Beyond gustation, the tongue provides feedback on the texture, temperature, and location of food within the mouth, a function mediated by the lingual nerve and filiform papillae. The loss of this tactile sensation profoundly impacts the ability to manage a food bolus, as the patient cannot feel where the food is located or if residue remains, increasing the risk of aspiration. The extent of the sensory loss is often correlated with the depth of the resection.

Rehabilitation and Adaptation Strategies

Long-term management following a glossectomy focuses on rehabilitation to maximize functional recovery for both communication and swallowing. Speech and language pathologists (SLP) work with patients to develop compensatory articulation strategies, teaching them to use residual structures, like the palate, pharynx, and even the throat, to produce sounds. For those with severe articulation difficulties, alternative communication methods are introduced, which may include using an electrolarynx—a device that generates a mechanical voice vibration—or developing esophageal speech.

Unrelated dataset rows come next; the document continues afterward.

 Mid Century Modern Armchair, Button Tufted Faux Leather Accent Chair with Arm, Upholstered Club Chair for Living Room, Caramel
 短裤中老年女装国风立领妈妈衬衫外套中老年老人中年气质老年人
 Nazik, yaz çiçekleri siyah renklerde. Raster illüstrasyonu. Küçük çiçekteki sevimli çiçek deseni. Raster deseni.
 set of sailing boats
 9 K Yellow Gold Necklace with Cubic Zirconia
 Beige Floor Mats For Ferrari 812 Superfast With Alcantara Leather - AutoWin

Dietary adaptation is crucial for patients experiencing chronic dysphagia, which involves modifying the consistency of foods and liquids to be safer and easier to swallow. This typically means consuming thicker liquids and softer, pureed foods, which require less oral manipulation and can be propelled more easily. For patients who cannot safely maintain adequate nutrition orally, the feeding tube may remain a long-term fixture to prevent malnutrition and dehydration.

Prosthetic devices can also be employed to help bridge the functional gap left by the missing tongue tissue. A palatal augmentation prosthesis (PAP) or obturator is a custom-made device that lowers the roof of the mouth, bringing the palate closer to the remaining tongue or the reconstructed flap. This reduced gap allows the patient to generate more effective contact pressure for both speech articulation and the propulsion of the bolus during swallowing, significantly improving intelligibility and safety.